More Jackson County Opinions...

OCTOBER 27, 2004


Column

By: Virgil Adams
The Jackson Herald
October 27, 2004

Politics: hazardous to your health
I have little hope that this epistle will heal the rift between far-left liberals and far-right conservatives, vis-a-vis Democrats and Republicans.
The late Lyndon Baines Johnson’s plea, “come let us reason together,” falls on deaf ears today. Reason is on life support. Compromise is dead.
Civility? What’s that?
We are in deep trouble, folks. Be that as it may, as one of the five or six moderates left on earth, I must try to save us. (Oh how I wish I could!)
One great hope is Tuesday’s election.
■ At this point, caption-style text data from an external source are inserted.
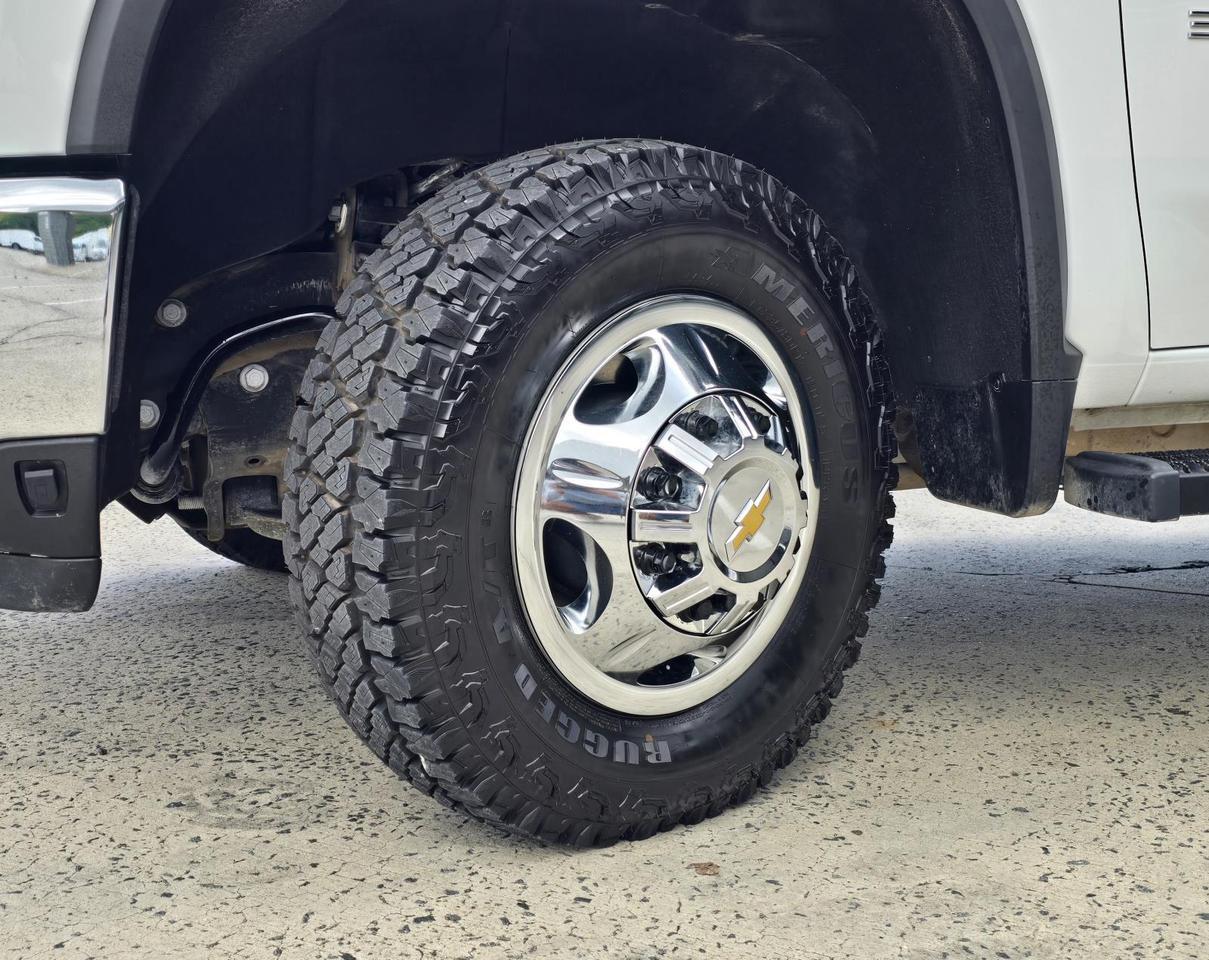 2024 Chevrolet Silverado 3500HD CC LT 4WD Crew Cab Knapheide Service Body W/6.6L Duramax and Convenience Package Concord NC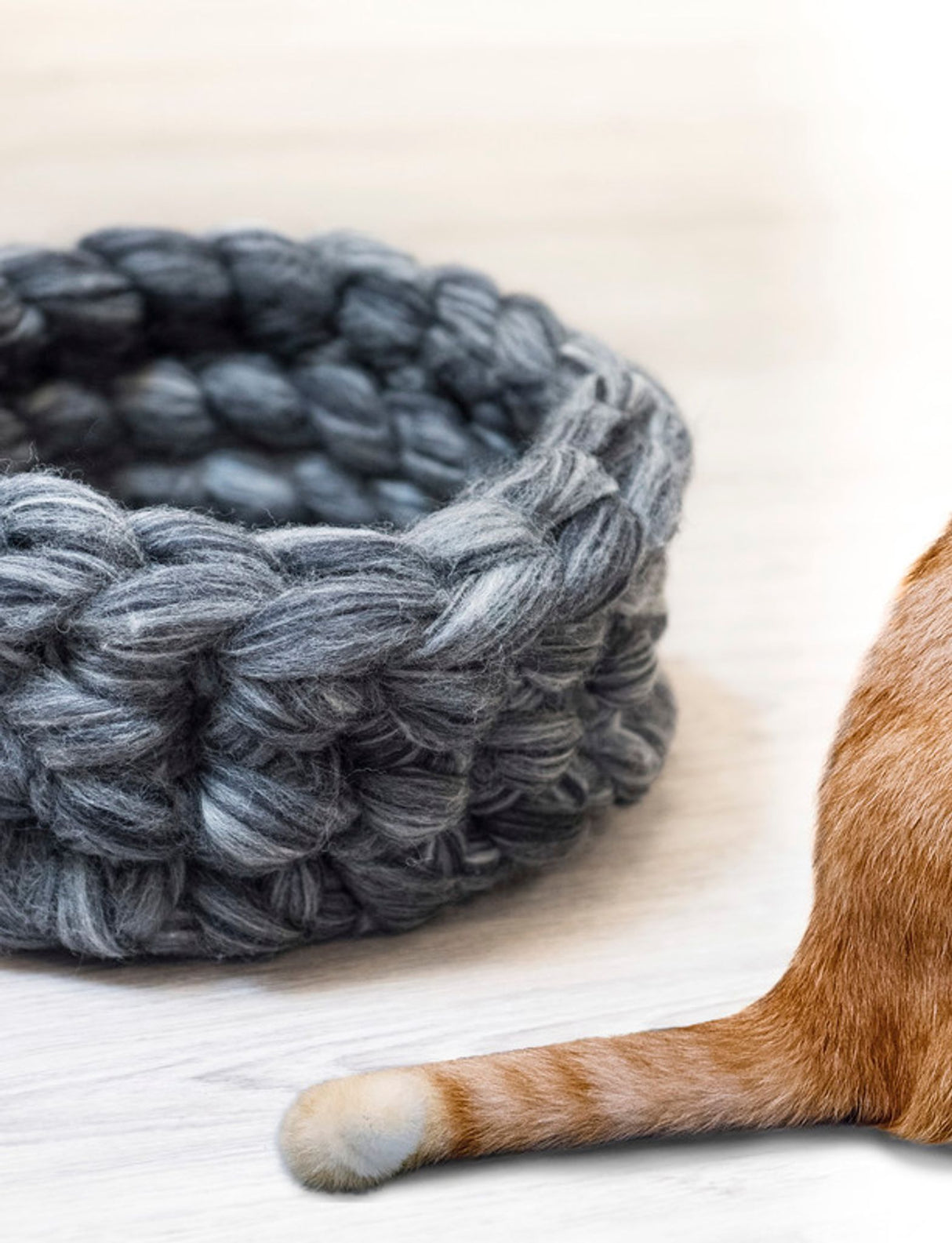 Crocheted cat basket 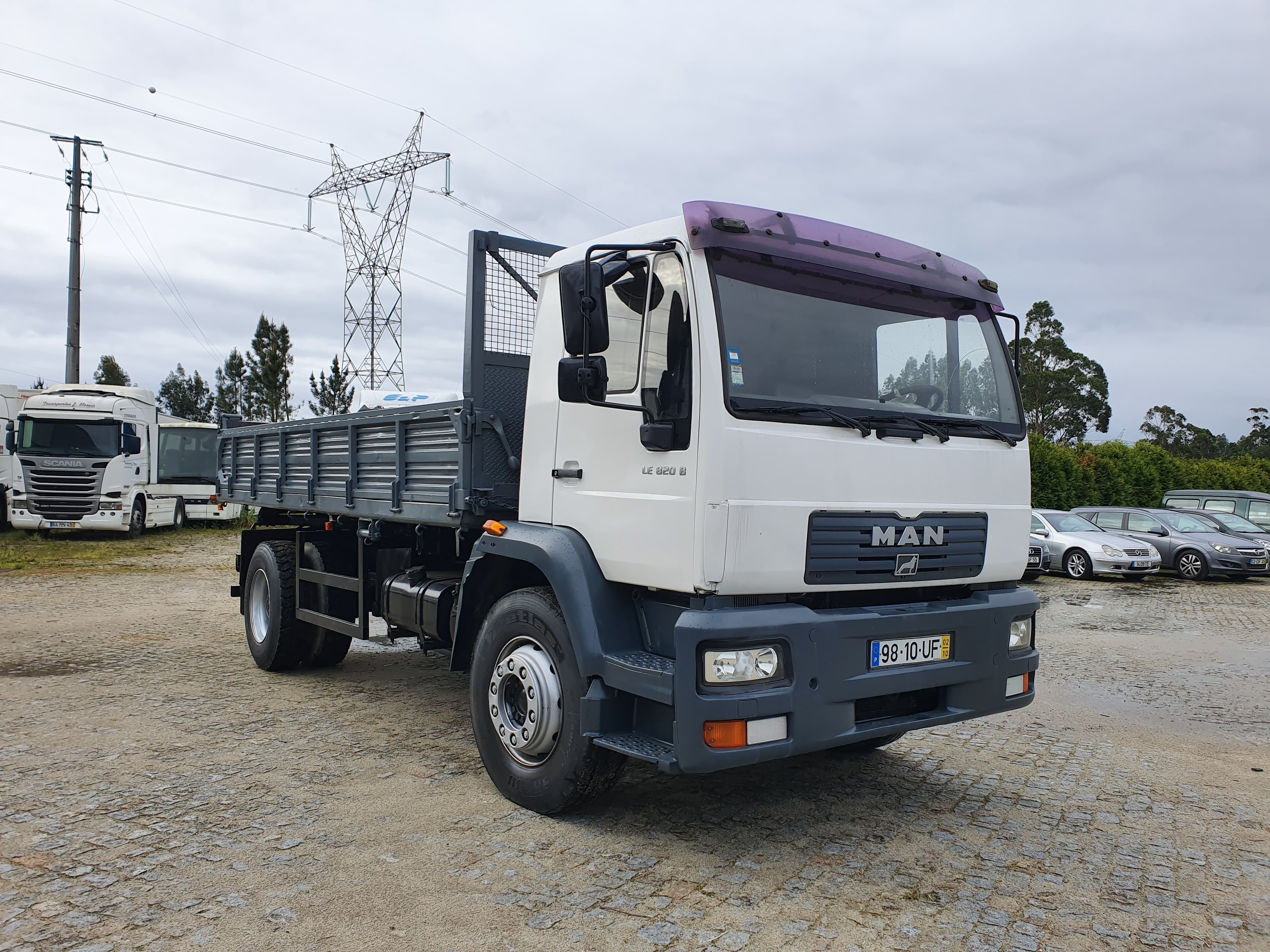 MAN LE 820B · Ano 2002    98-10-UF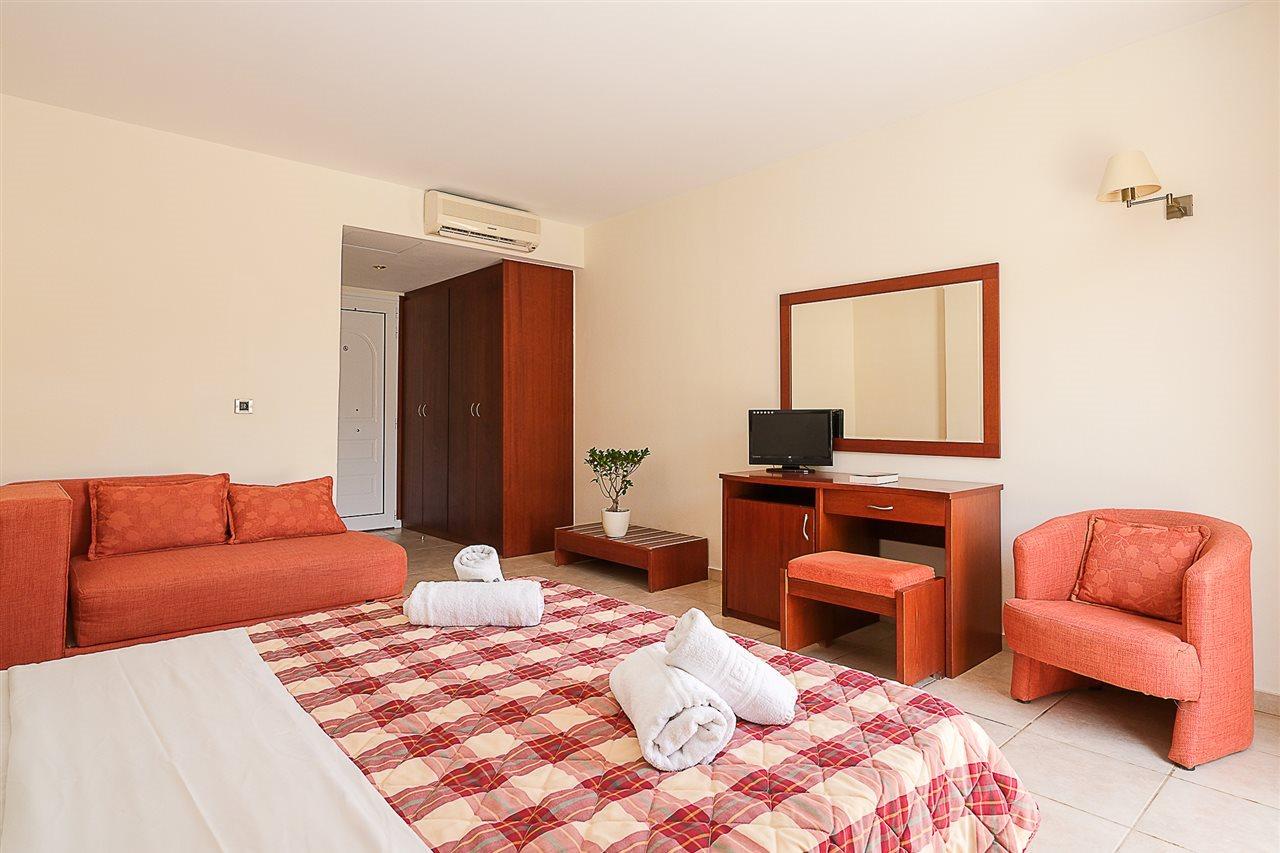 Calypso Hotel Матала Екстер'єр фото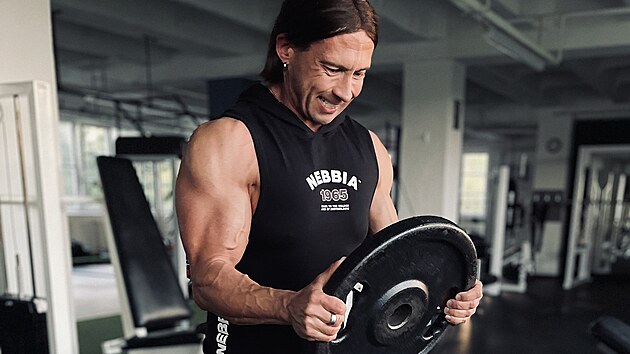 TRÉNINK. Bez posilovny si nelze tento sport představit. Tělocvična a k tomu... TRÉNINK. Bez posilovny si nelze tento sport představit. Tělocvična a k tomu...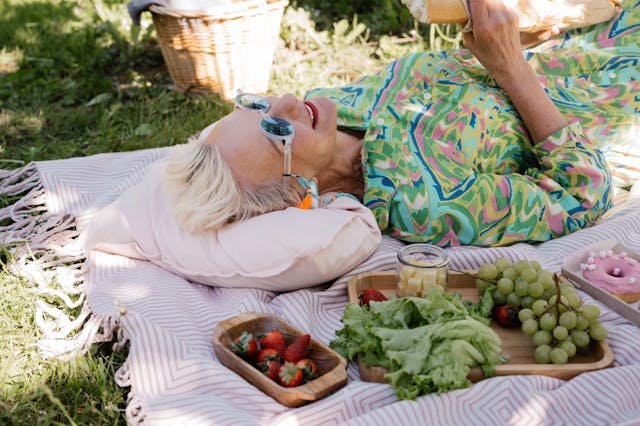 7 Nutritional Approaches for Promoting Healthy Aging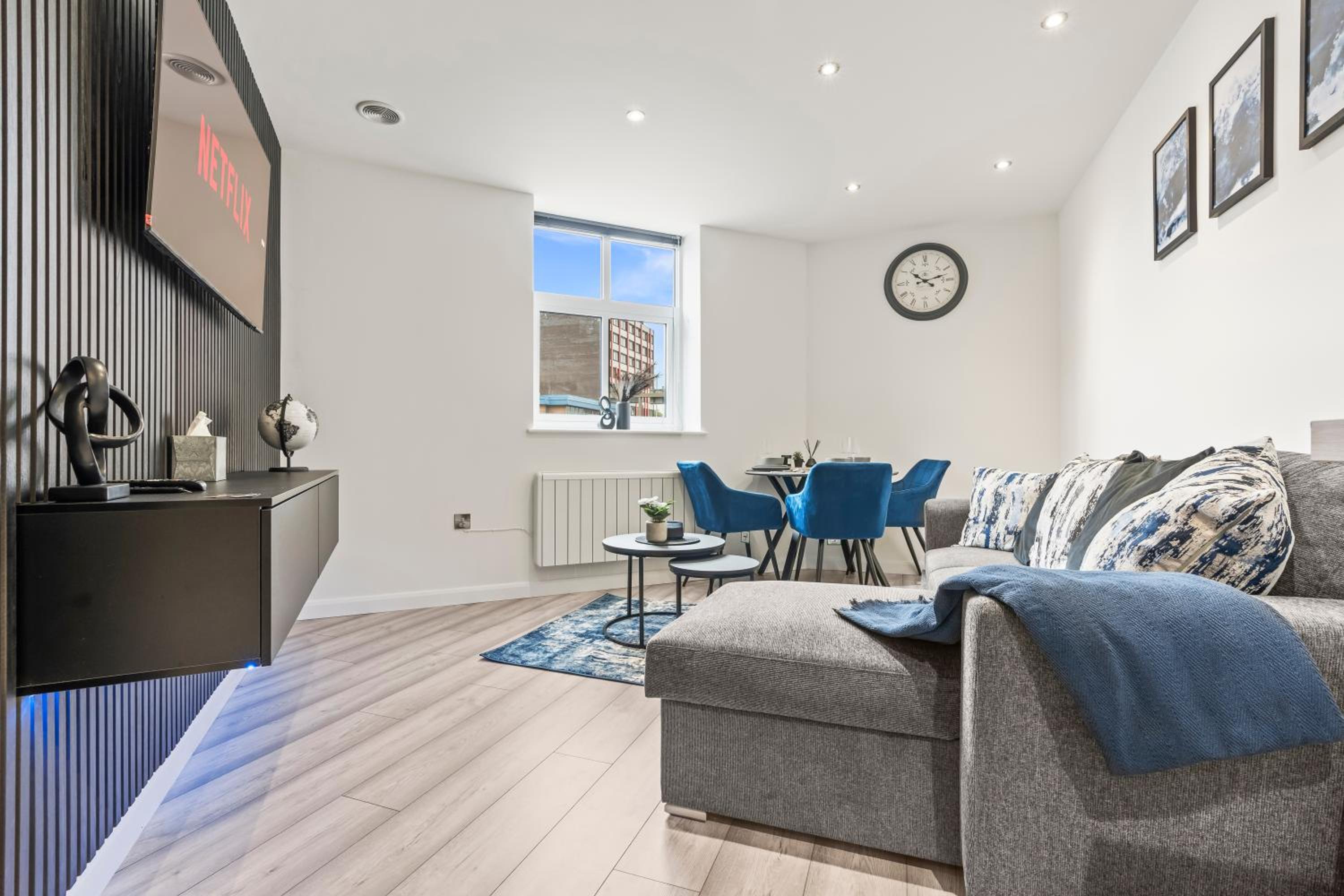 Azure Signature Suite, Leicester City Centre Apartment,Sofa Bed , Netflix, WiFi Parking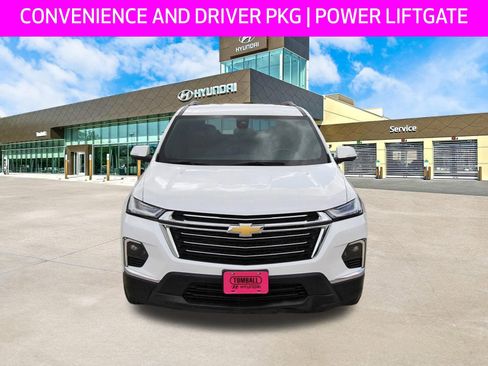 Used 2023 Chevrolet Traverse LT image 2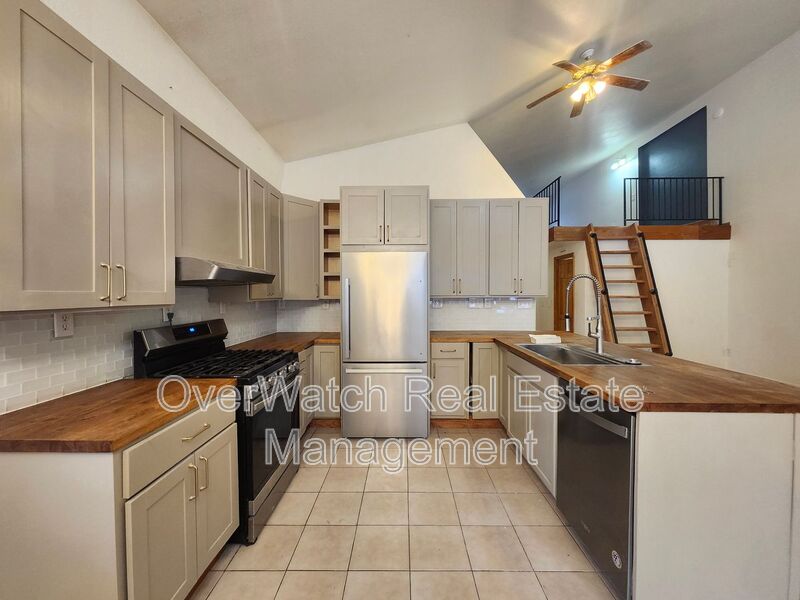 Eagle River Condo: 10322 Chain of Rock Street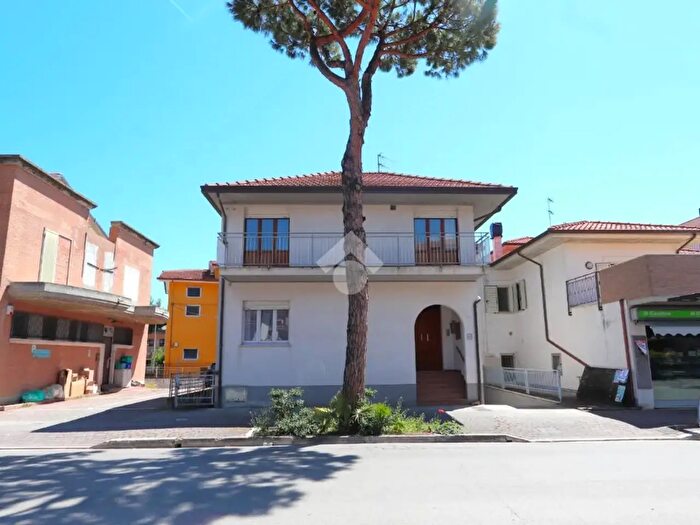 Casa con 8 locali in vendita in Via Roma, Martinsicuro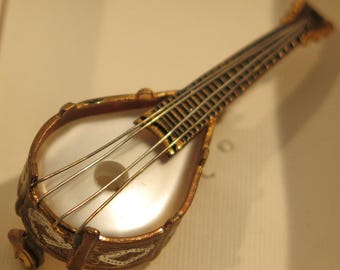 Vintage Spanish Banjo Brooch Pin Gold Tone Metal Black Enamel Head Mother of Pearl Shell Drum Head in original case Made is Spain 1970s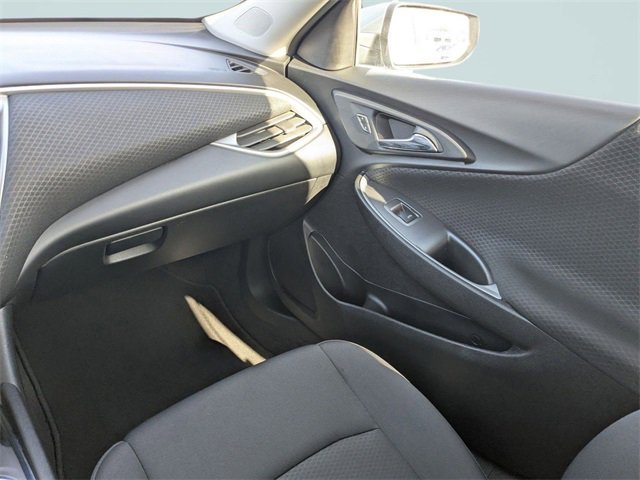 Used 2025 Chevrolet Malibu LT image 15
If we don’t get behind the winner - whoever he is - close ranks, come together, stand up for America and stop fighting among ourselves, we are doomed. United we stand! Divided we fall.
If we are to bring peace to the world, we must first be at peace with each other and ourselves. Then, for starters, we can bring peace to America. If parents and grandparents are to bring civility to our children and grandchildren, we must return to civility ourselves. In the current nasty, ugly, bickering, back-stabbing, mudslinging political atmosphere, where are the role models?
In a word, we need to quit fighting among ourselves and realize that there is some good in the worst of us and some bad in the best of us - even in Democrats and Republicans - and that we can learn from each other.
But that takes compromise, and compromise is dead. Maybe we can resurrect it after the election. It’ll happen when everybody admits he does not know everything and is not always right. If liberals understand that conservatives have some good ideas, and if conservatives understand that liberals have some good ideas, that will help. Each gives a little. Each takes a little. And lo and behold, compromise is alive and well!.
What triggered this tirade were my September 22nd column (Flip-flopping and standing firm) and the response I got. I wrote that “compromise and appeasement are not one and the same.”
An old fishing buddy responded, “Ain’t a nickel’s worth of difference in ‘em.”
If my friend owned a dictionary, he could look up those words. But since he doesn’t, and probably wouldn’t refer to it if he did, let me help.
Appease: “to give in to the demands of.” (Anybody remember Neville Chamberlain, Prime Minister of England from 1937 to 1940, who appeased Nazi German in the hopes that it would achieve “peace for our time?”
“The road of appeasement is not the road to peace, but is surrender on the installment plan.” - The New York Times.
Compromise: “To settle (a dispute) by agreeing that each contestant will give up a part of what he demands; come to terms about.”
“The essence of politics is compromise.” - Thomas Babington Macaulay. That old English historian (1800-1859) learned nearly 200 years ago what the current generation doesn’t understand to this day.
Gayle White, in a front-page story in The Atlanta Journal-Constitution on Sunday, October 10, details just how serious the political rift has become in the absence of compromise and civility. The headline: “Talking politics can be hazardous.” I would add three words: “to your health.”
“For many ordinary voters the presidential race is a topic too hot to touch,” Ms. White wrote: “When differences do arise - whether at a bar, a funeral, or on I-85 - the results can range from uncomfortable to downright ugly.
“The gully between supporters of the two candidates separates friends and neighbors, kith and kin,” she added.
She interviewed several voters, and here is what some of them said about the ugly situation:
“In my own family, politics has become a testy subject best touched on most gingerly,” said Todd Frary of Woodstock. “We’ve all learned to self-censor.” (Good for them! When compromise and civility are no where to be found, that is the best policy.)
“It is an unspoken rule that we do not discuss politics. That way, we are able to maintain our friendships,” said Ed Sullivan of his small North Georgia church. (Nice going, church members. These days, it’s tough separating religion and politics.)
Mike Ramondt, project manager for a heating and air conditioning firm in Cumming, said his boss prohibits political chatter on the job. “Personal attacks create rancor and ill will among the staff.”
Paul Allen, a Norcross engineer, said this: “The political environment is the most sensitive I’ve seen since the Vietnam era.” Allen expresses his opinions “only in the comfort of my own home.”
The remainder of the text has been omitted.